Petershagen-Eggersdorfer Förderverein hilft, wo er kann

„Eine vernünftige Schulausbildung ist die unbedingte Voraussetzung für ein selbstbestimmtes Leben“, begründet Burkhard Paulat, der seit inzwischen über 20 Jahren stetig zwischen beiden Welten pendelt, sein Engagement in Mombasa. Er hat, um mehr Leute in die Hilfe einzubeziehen, in Petershagen-Eggersdorf den Förderverein „N’garisha Youth Center“ gegründet. Auch, weil er feststellen musste, dass Geldspenden für Kinder in Afrika über so manche andere Organisationen eben nicht direkt bei den Ärmsten und Bedürftigen ankämen. Inzwischen haben etliche Randberliner erkannt, dass das ein guter Weg ist, solidarisch Hilfe zu leisten, die auf kurzem und direktem Weg wirkt und traten dem Förderverein bei. „Uns geht es jedenfalls nicht um das übliche Vereinsleben, sondern darum, direkt und ohne Bürokratie vor Ort zu helfen.“ Als ein Beispiel dafür nennt Paulat das Rechtsanwaltsehepaar Susann und Burkhard Herzog aus Petershagen, das seit einem Kenia-Besuch Hilfe leistet. „Als Förderverein können wir dafür natürlich Spendenquittungen ausstellen“, sagt Paulat, der über den Ort hinaus auch als engagierter Vorsitzender des Sportvereins Blau-Weiß Petershagen-Eggersdorf bekannt ist.
Die Verbindung zwischen Carol Anami und Burkhard Paulat, die vor vier Jahren in Mombasa geheiratet haben, ist noch aus einem weiteren Grund unzertrennlich geworden. Carols inzwischen 30-jähriger Sohn Gerry lebt in Deutschland bei Burkhard Paulat und hat hier erfolgreich eine Berufsausbildung absolviert.
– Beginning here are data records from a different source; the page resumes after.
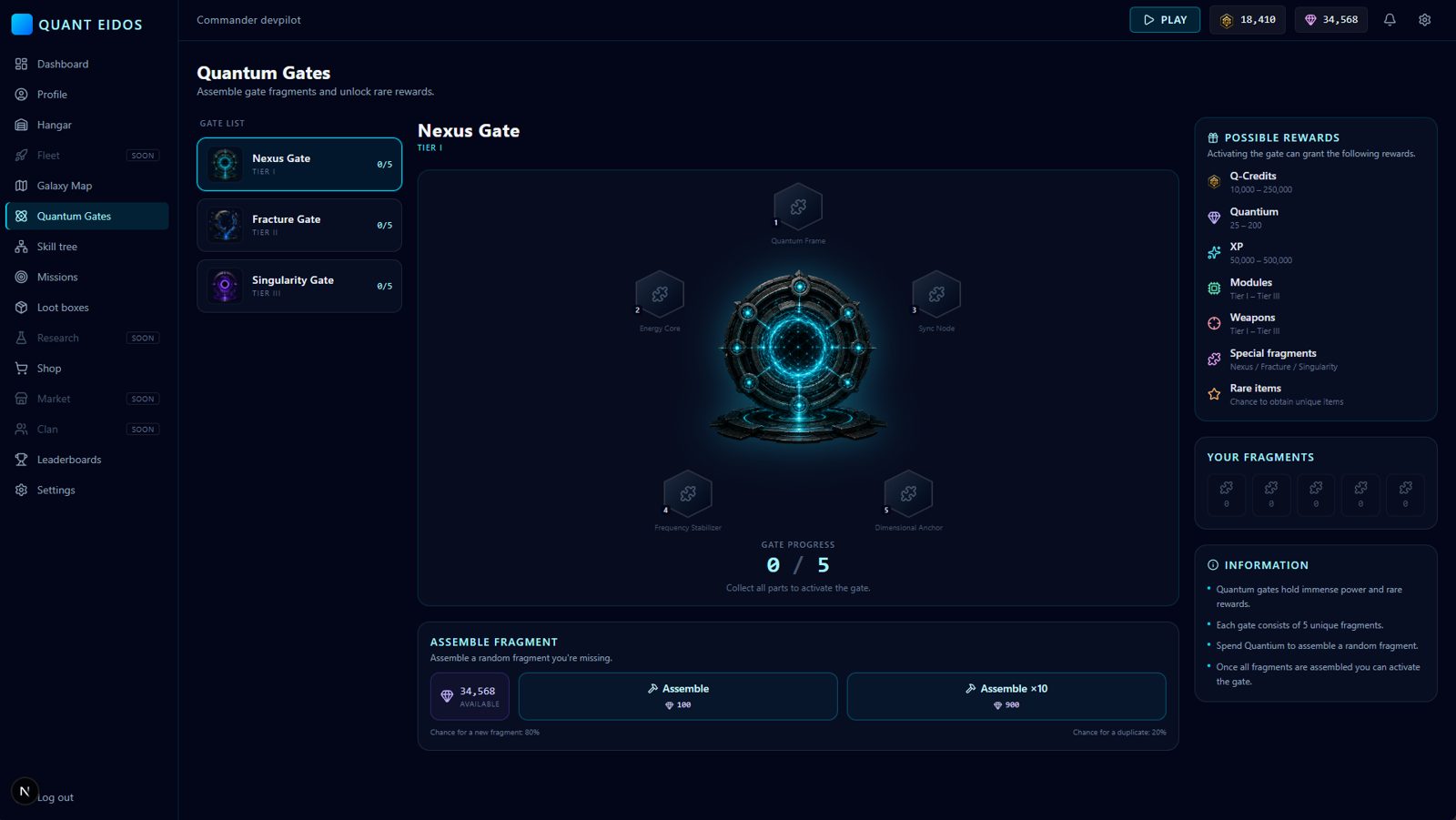 The first galaxy gates page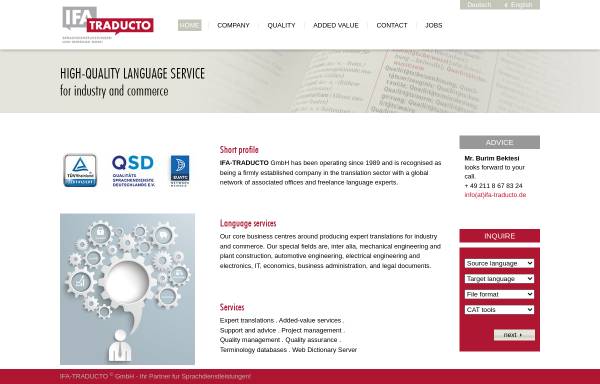 Vorschau von www.ifa-traducto.de, IFA-Traducto Sprachdienstleistungen und Werbung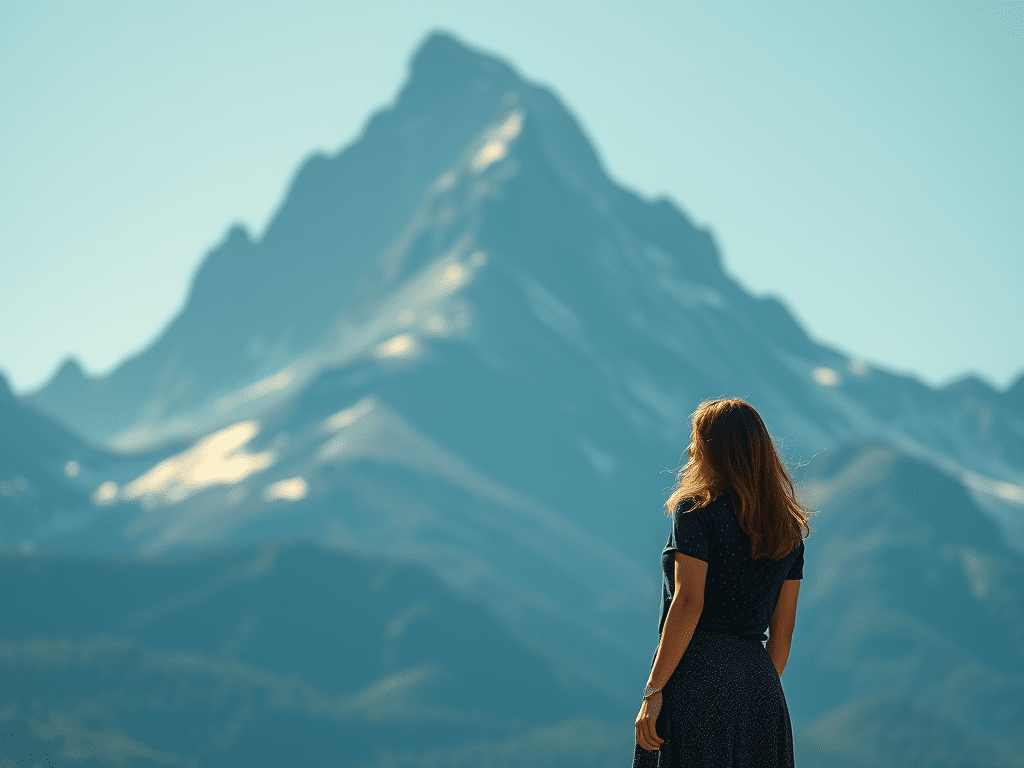 image-of-a-woman-standing-at-the-foot-of-a - KINDCOMPASSCOACH how to get motivated woman at the foot of a mountain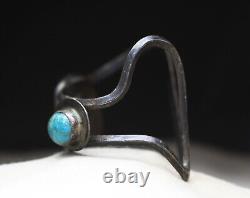 Vintage Navajo Native American Sterling Silver Turquoise Cuff Bracelet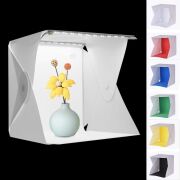 BUFFER® Katlanır Işıklı Fotoğraf Stüdyosu 40x40 cm 6 Renk Fonlu Ürün Çekimi İçin Uygun Fotoğraf Çekim Kutusu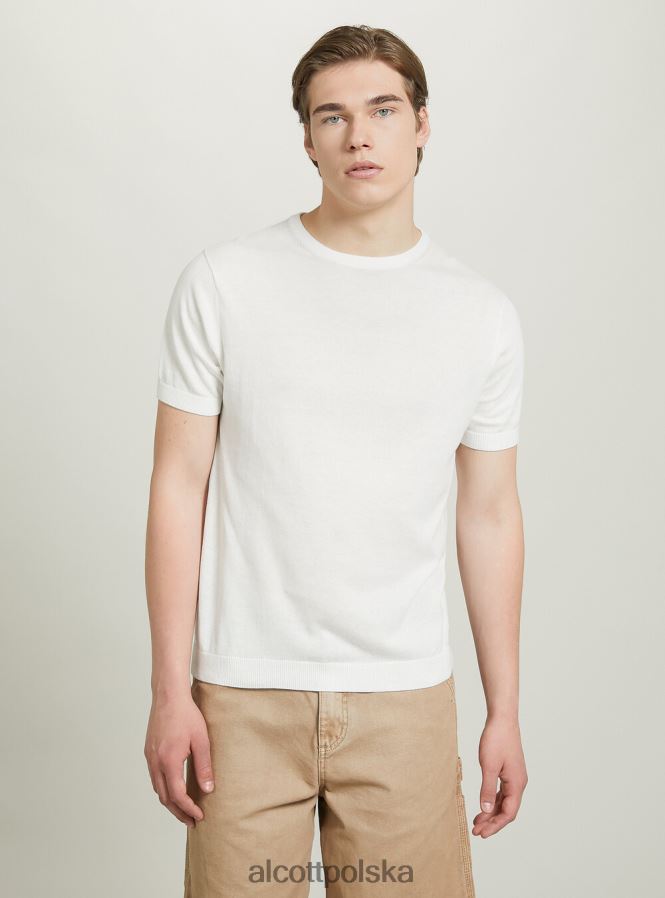 odzież Alcott bawełniany sweterek z krótkim rękawem bk1 czarny mężczyźni 2TXFF6630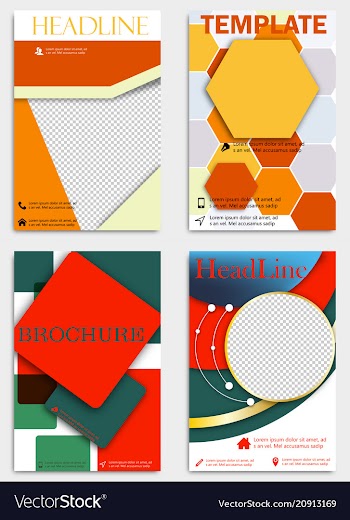 Set of annual report brochures flyers design vector image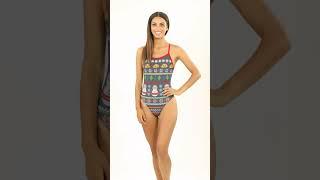 Sporti Granny Sweater Snowman Tacos Thin Strap One Piece Swimsuit | SwimOutlet.com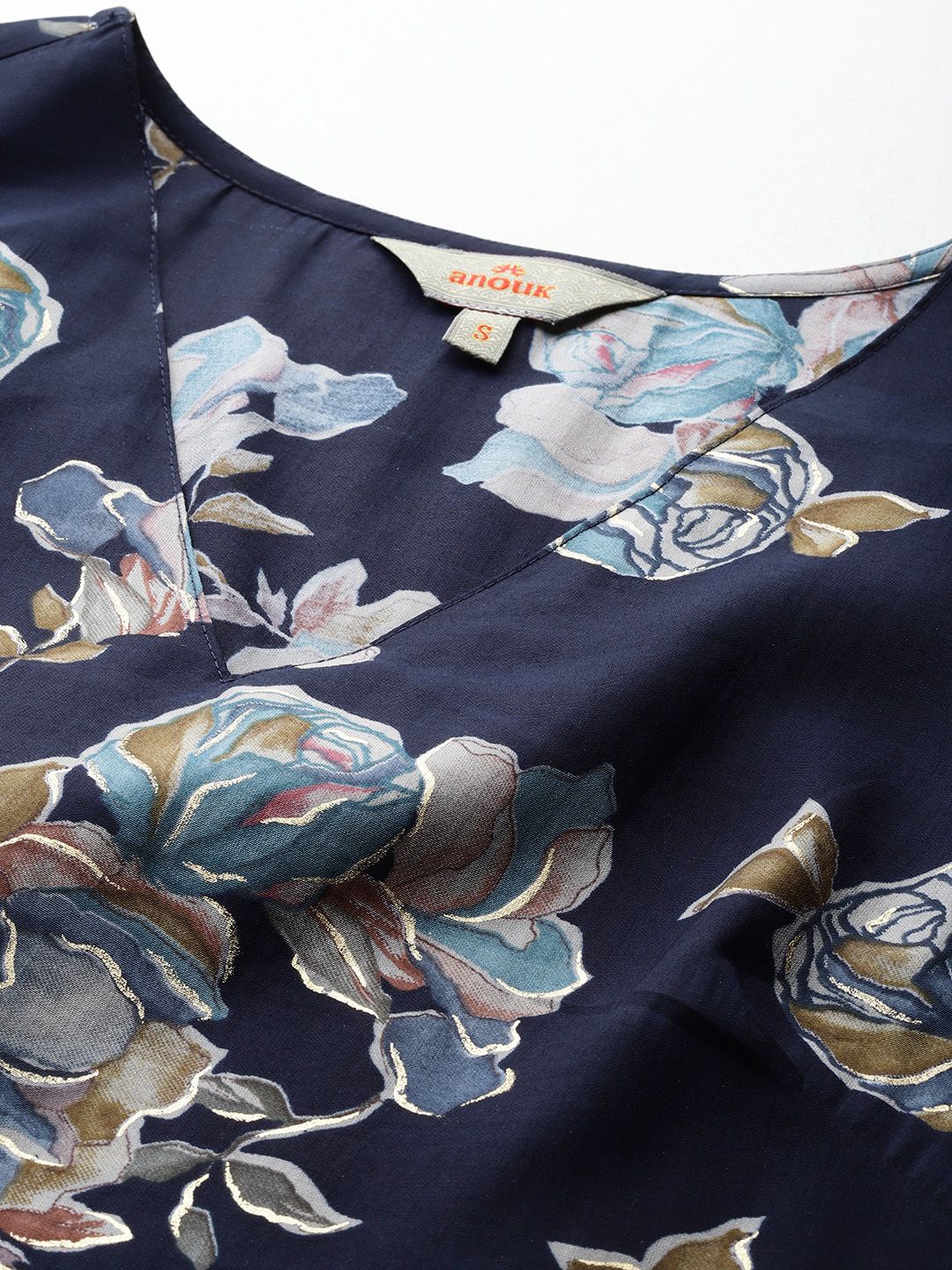 Anouk Floral Print Straight Kurta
Sportverein bringt Geschenke

Derweil geht das große N’garisha Youth Center-Fest einem weiteren Höhepunkt entgegen. Die Gäste aus Deutschland haben nämlich Geschenke mitgebracht. Peter Drews, seines Zeichens Präsident der Fußballabteilung von Blau-Weiß, und seine Frau Nicole haben alle Hände voll zu tun, um Fan-Tücher, Fußbälle und anderes an die Mädchen und Jungen zu verteilen. Auch Süßigkeiten sind darunter, die neugierig angenagt und sogar weitergereicht werden, damit der Freund auch in deren Genuss kommt.
Dann ist es soweit. Für zwölf neue Schuluniformen hat das Geld dieses Mal gereicht. Amina, Kevin, Rushdi, Malongo, Austin, Michi, Gerry, Gergson, Sagra, Daniel, Steve und Mdala sind die aktuell Glücklichen. Für sie kann es nun mit dem Unterricht in einer der drei Bildungsstufen weitergehen. Flink ziehen sie sich um und präsentieren sich stolz in ihrer neuen Kleidung. Viel Beifall bekommen sie – sogar die Chiefs klatschen mit. Und die anderen Mädchen und Jungen hoffen inständig weiterhin, dass es auch für sie bald soweit sein wird.


Es gab die politische Entscheidung, Suaheli zur Nationalsprache zu machen, was aber keine rein afrikanische Sprache ist, sondern eine durch den Sklavenhandel entstandene Mischung aus afrikanischen Dialekten, Arabisch und portugiesischen Brocken. Englisch ist die offizielle Amtssprache.

Trotz der inzwischen neunjährigen Schulpflicht in Kenia stellt der Schulbesuch eine große finanzielle Hürde für die Eltern dar. Eine Schuluniform, die für die Aufnahme auch in eine staatliche Schule Voraussetzung ist, kostet umgerechnet 14 Euro - unerschwinglich für viele Familien. Ebenso müssen Schreib- und Rechenhefte selbst mitgebracht werden, hinzu kommt das Schulgeld.